In the drawing, which Filice says brought her to tears and which she views as a breakthrough piece, features three faces or masks.
“One day I just covered her mouth with a snake and I just got so emotional,” says Filice. “I realized what I was trying to say was that you have all these faces you present to the world. All of us do. We wear masks for work or whatever social situation we’re in. We put on a mask. And none of them is really who we are, but they’re all kind of lies and they all take away your voice.”
Filice says employing these masks erodes our connection to other people.
It’s in pieces like “Silenced” that Filice experienced her own awakening. A crisis, a coming of age, her search for meaning, Filice has grown up in the last few years and in a profound way.

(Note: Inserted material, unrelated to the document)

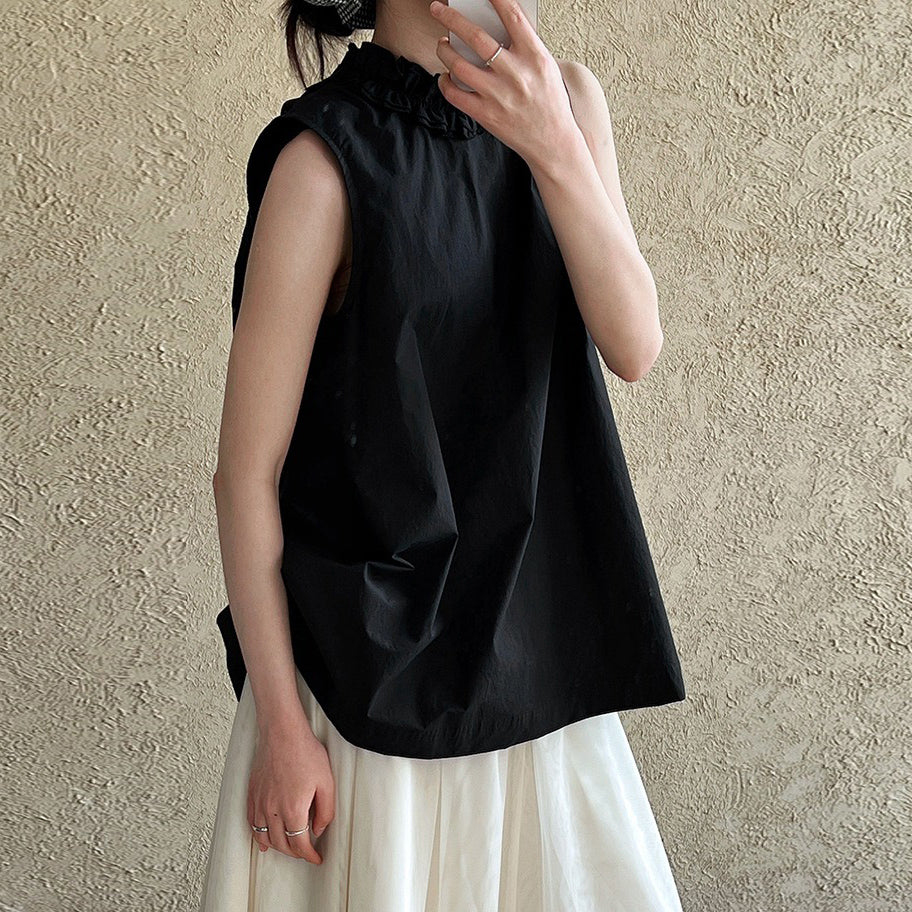 【トップス】前後2WAY フレンチ風 花びらネックフリルデザイン ノースリーブブラウス【JZシリーズ】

“I’m more confident about having my say, I am more defiant,” she says. “I’m more adamant.”
Being kicked when you’re down, stifled expressions, obligatory masks, social pressures, ugly judgments—Filice’s response to these violations of self are fierce.
Works like “Rise” speak to this rebellion. The drawing has a winged figure, looking back over its shoulder, determination in its eyes.
“I like this picture because you can see the story of somebody falling and breaking and then getting that defiant look in their eyes and lifting up their wings and taking off one more time…like ‘I got this,’ ” Filice beams.
EMERGING ARTIST
“The Secrets We Keep.” It’s the first true series Filice has done. Characteristic of her field, Filice used social media to share and promote her art—but only after the urging of a close friend. In April 2017, she took the plunge and tweeted some big names in contemporary art, including London-based Be Artist Be Art magazine and Artrooms.
To her elation, Be Artist Be Art picked up one of her pieces for the magazine and soon Artrooms was tweeting @katfilice to enter her application for Artrooms Fair London 2018.
In an accident of fate, Be Artist Be Art had a typo in its headline: “Smoth Design.” Intended as Smooth Design. Filice began to refer to the winged creatures in her art as “smoths.”
After she submitted her application to Artrooms Fair London in June, the artist graciously continued to encourage her peers in the art community to apply while there was still time.
“When we find someone we like, we send them info about the fair—the rest is up to the artist,” writes Cristina Cellini Antonini founder and director at Le Dame Art Gallery and the Artrooms Fair in an email interview.
Filice learned only in the first weeks of September that she was one of the artists selected to appear.
“For this edition we received over 1,150 applications from 65 countries worldwide,” writes Antonini.
Once the call for artists is closed, Antonini writes, the selection committee does the hardest job—choosing the most talented 70 artists.
Filice along with the other selected artists benefit from free exhibition spaces and are presented to a huge network of art galleries, foundations and private collectors.
On showing her work to the public: Filice says though much of her work is provocative it’s not a reflection of her mental health.
“I think that’s the biggest worry,” says Filice. “Is that people won’t understand how to separate that.”
Filice says everyone has frustrating times or thoughts—feelings everyone can identify with.
It’s all designed to make people engaged and to make them feel something, but at the end of the day it’s just art.
At some point, Filice says, people are going to wake up and realize that life was an intriguing illusion.
“You and I are connected and you’re a projection of my illusion and I’m a projection of your illusion,” she says. “Like we’re having a shared illusion.”